It’s set in 1913 and tells the story of Marina Denham. She’s an only child, a naval commander’s daughter, whose mother disappeared when she was very young. She’s plucky and spirited. She doesn’t know what she wants to do with her life other than defy her father’s limited expectations for her. Rather than be sent away to some ghastly ladies’ college, she follows her father to the docks, meeting a mesmerizing woman, Miss Smith, on the train who fills her head with all sorts of ideas of how a woman might behave. Rather than return to London and ‘real life’, Marina stows away on her father’s boat. Of course, she can’t realise the dangerous nature of her father’s mission to the far northern seas… Or what it might mean for her. Or how the blurred memories of her absent mother might impact on reality.

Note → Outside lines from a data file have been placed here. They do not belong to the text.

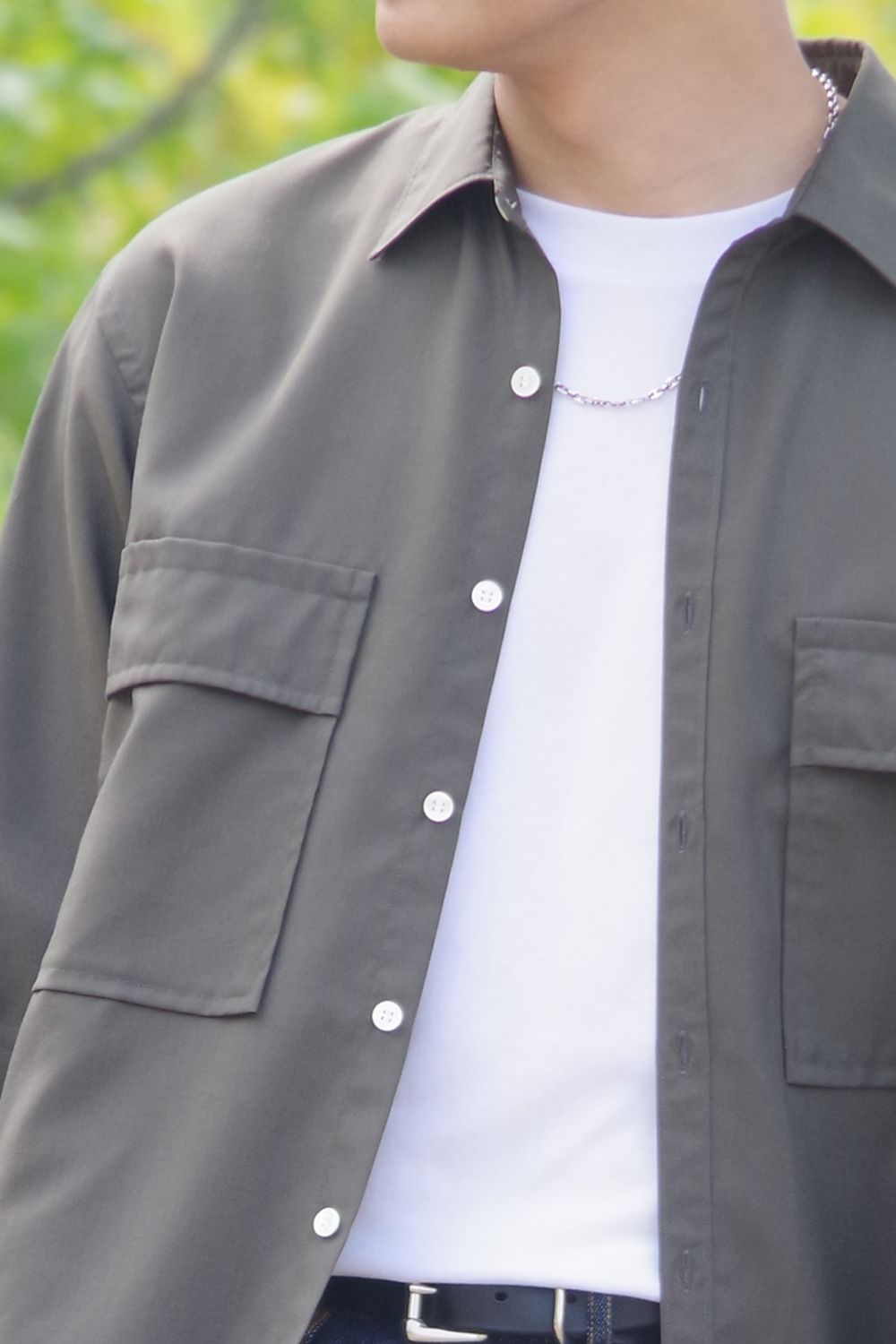 W POCKET SHIRT WOOL TROPICAL / ウォッシャブルウール ダブルポケットシャツ カーキ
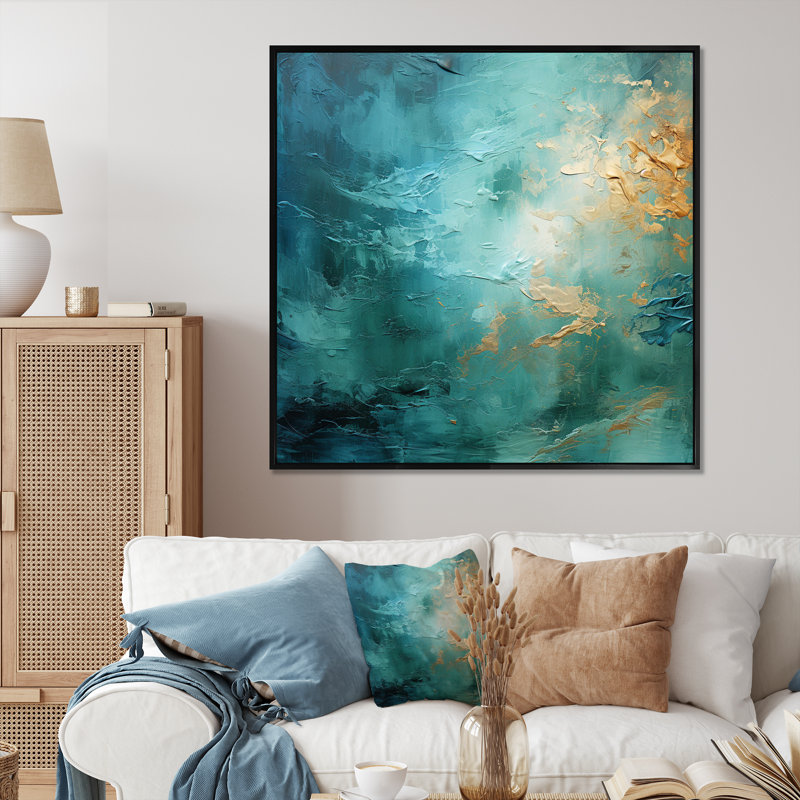Teal Oasis III - Abstrait paysages, art mural, Cadre flottant noir, H 16 po x l 16 po x P 1 po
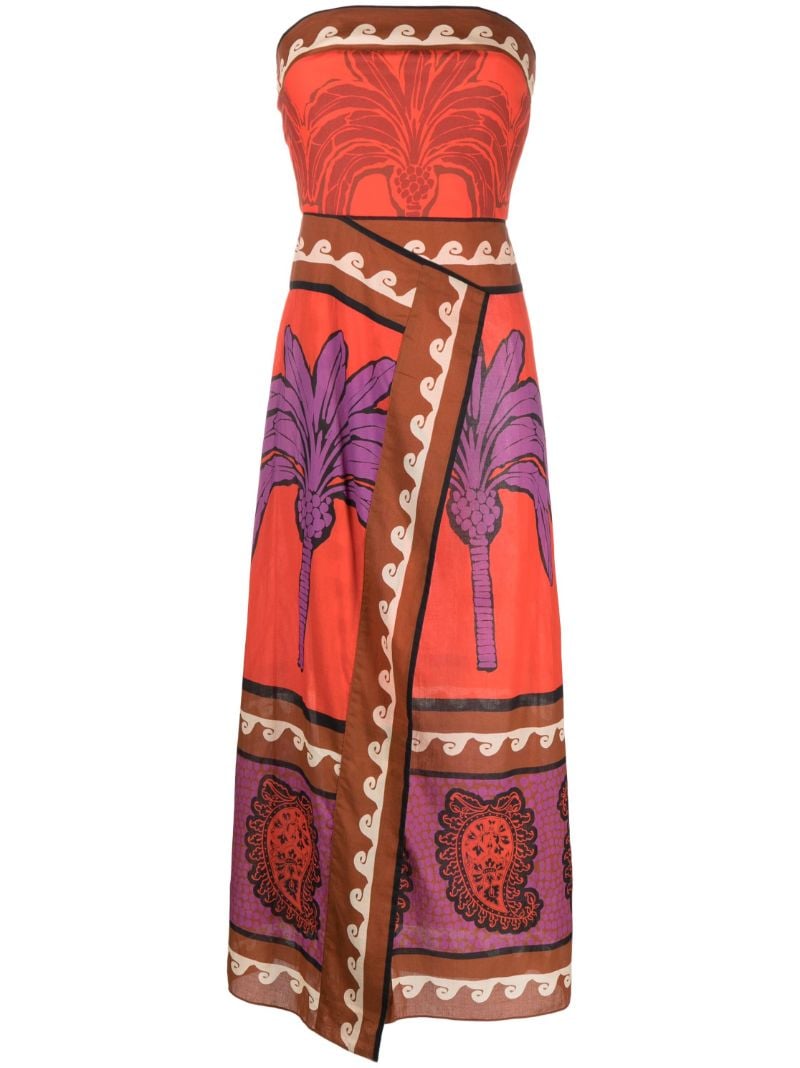 Red East Africa Heart Cotton Midi Dress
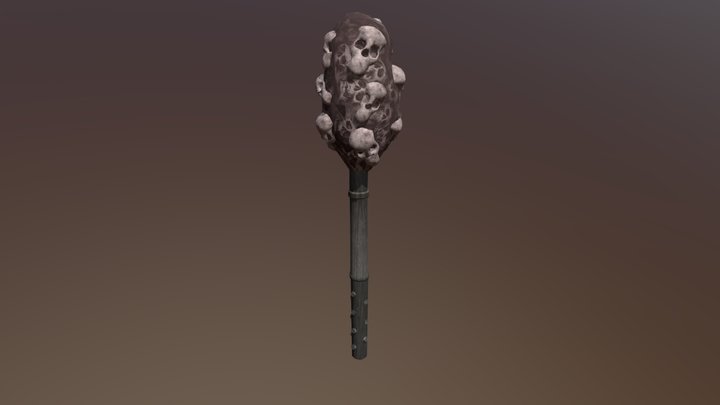 Skull Mace 3D Model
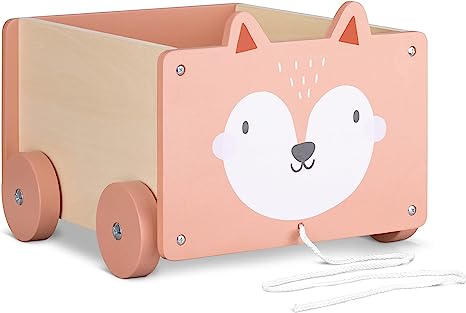 Navaris Kids Toy Box - Fox Wooden Chest for Childrens, Boys, Girls Toys with Wheels - Unisex Children Toys Games Bedroom Storage Trunk - Brown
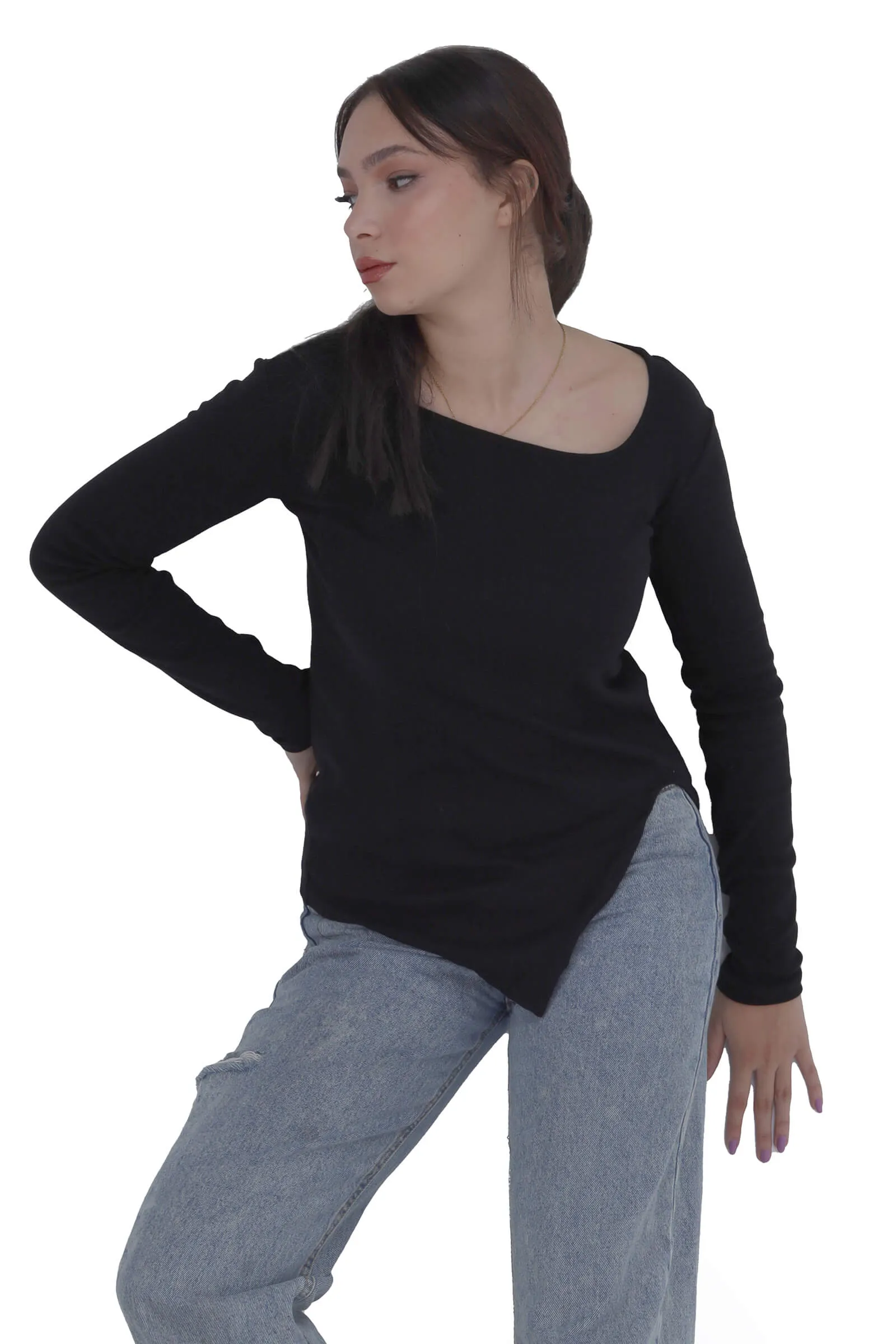 Black Crooked V Long-Sleeve Top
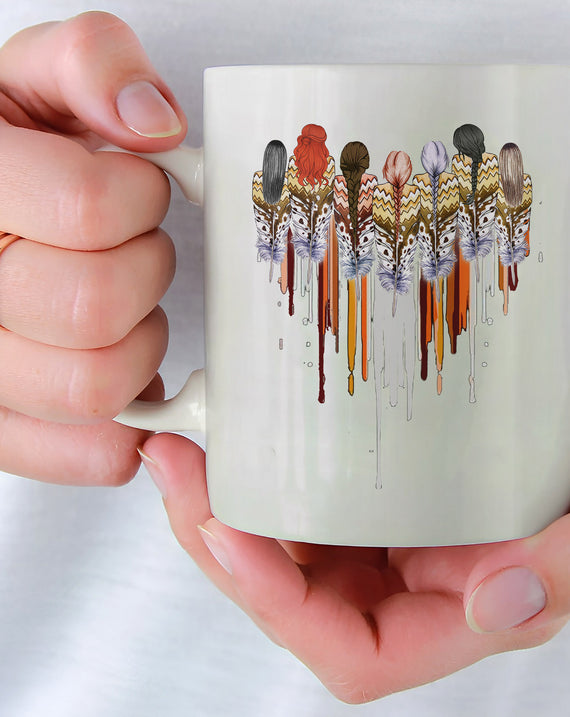 MMIW Women Together Feather Heart White Black Ceramic Coffee Mug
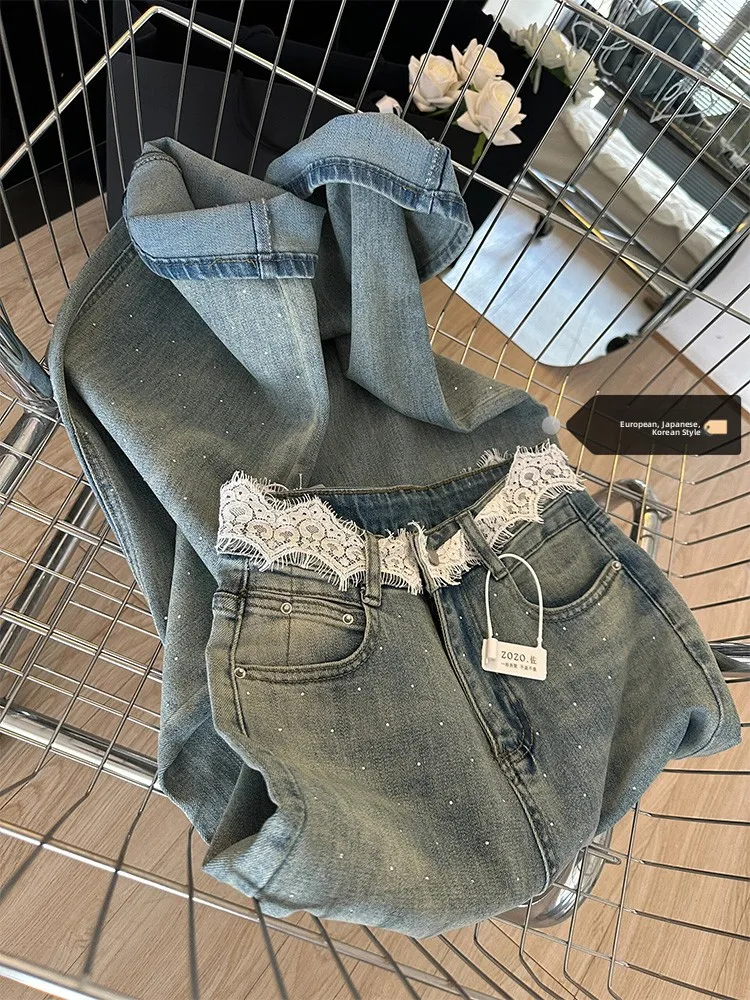 

High Waist Wide Leg Jeans Women's Summer New Style Glitter Diamond Lace Waist Loose Fit Floor Length Trousers Retro Style Pur...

How is The Pearl in the Ice similar to your other book, The Wolf Princess?

And of course, there was another book, The White Tower. All my books are about being on the brink in some way. I’ve always felt that being 11 or 12 is a really interesting time for a child or young person. It’s the first opportunity to begin to understand who you really are; you’re beginning to pull away from your family, form a peer group, explore the world. But you’re still very contained by that family group whilst having the ability to dream in a fluid and lucid way about the world and society and your place in it. It’s such a brief, passing moment in your development, but it’s like that moment between waking and sleeping. And as such, it’s endlessly fascinating. So I think I like to look at girls (all my novels have had a young girl as the central character, with attendant boys) and how that moment might be for them. How they begin to make sense of their family and their society. The Pearl in the Ice is less dreamy than The Wolf Princess… a bit more action, I think. And of course the setting is very different. A boat in the North Sea rather than a forgotten Winter Palace. But the concerns are the same.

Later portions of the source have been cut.